How do you solve $5x - 3y = 16$ and $4x + 5y = - 2$?

Answer 1

Hint: In this question, we are given two equations and we have been asked to solve them. You can use any method out of the three methods – elimination, substitution or cross multiplication. I will solve this question using two methods: elimination and substitution.
Substitution method: The two equations given are in terms of $x$ and $y$. Using one equation, find the value of one variable.
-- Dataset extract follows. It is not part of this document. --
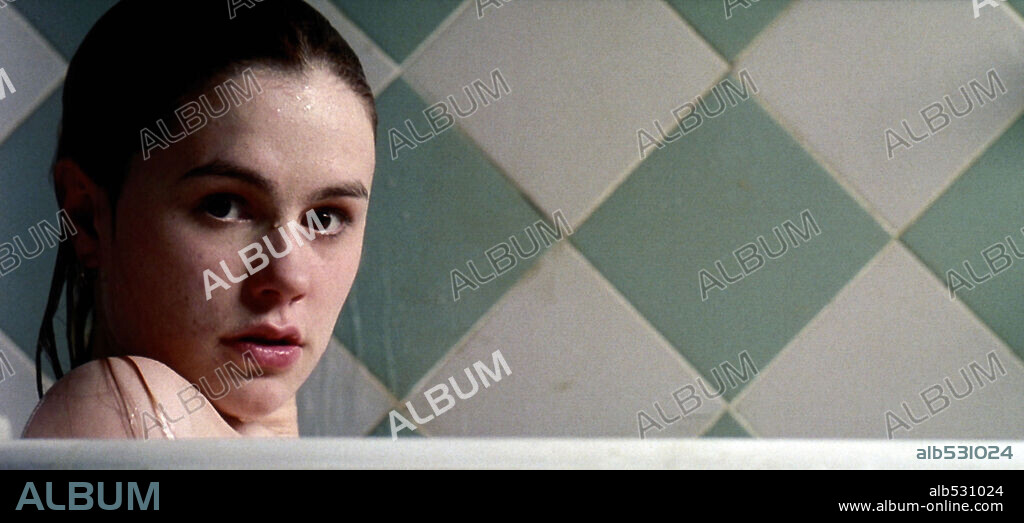 ANNA PAQUIN in DARKNESS, 2002, directed by JAUME BALAGUERO. Copyright FANTASTIC FACTORY/DIMENSION FILMS.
Then, put this in the other equation such that the equation is in one variable only. Then, using this equation, find the value of that variable. Put this in any of the original equations and find the value of the other variable.

Complete step-by-step solution:
Let us solve by substitution method first. We have two equations –
$ \Rightarrow 5x - 3y = 16$ ……... (1)
Rearranging the equation in such a way that we get the value of $x$,
$ \Rightarrow x = \dfrac{{16 + 3y}}{5}$ …..…. (2)
$ \Rightarrow 4x + 5y = - 2$ ……... (3)
Put equation (2) in equation (3),
$ \Rightarrow 4\left( {\dfrac{{16 + 3y}}{5}} \right) + 5y = - 2$
Simplifying the equation by taking a common denominator,
$ \Rightarrow 4\left( {16 + 3y} \right) + 25y = - 10$
Opening the brackets,
$ \Rightarrow 64 + 12y + 25y = - 10$
Shifting to find the value,
$ \Rightarrow 37y = - 74$
$ \Rightarrow y = \dfrac{{ - 74}}{{37}} = - 2$
Now, putting this in equation (3) to find the value of $x$,
$ \Rightarrow 4x + 5\left( { - 2} \right) = - 2$
$ \Rightarrow 4x = - 2 + 10$
$ \Rightarrow x = \dfrac{8}{4} = 2$

Hence, $x = 2,y = - 2$.

Note: Alternative method:
Elimination method: In this method, we eliminate one variable and find the value of the other. Choose any one variable. Make their coefficients same by multiplying or dividing a constant in the entire equation. Once it is done, subtract the equations. This will eliminate that variable which you chose to make the same. Find the value of the other variable. Put this in any of the original equations and find the value of the other variable.
Now, we will solve the same question using the elimination method.
$ \Rightarrow 5x - 3y = 16$ …. (1)
$ \Rightarrow 4x + 5y = - 2$ …. (2)
Now, if we look at the equation (1), $y$ has a variable $3$ and in equation (2), $y$ has a variable $5$. So, we will multiply equation (2) by 3 and equation (1) by $5$ so as to make the coefficients the same.
$ \Rightarrow 5\left( {5x - 3y = 16} \right) \Rightarrow 25x - 15y = 80$
$ \Rightarrow 3\left( {4x + 5y = - 2} \right) \Rightarrow 12x + 15y = - 6$
Now, we will add both the final equations,
$ \Rightarrow 25x - 15y + 12x + 15y = 80 - 6$
Now, our variable $y$ will be eliminated.
$ \Rightarrow 25x + 12x = 80 - 6$
$ \Rightarrow 37x = 74$
$ \Rightarrow x = 2$
Putting in equation (2),
$ \Rightarrow 4\left( 2 \right) + 5y = - 2$
Simplifying,
$ \Rightarrow 5y = - 2 - 8 = - 10$
$ \Rightarrow y = - 2$
Hence, $x = 2,y = - 2$.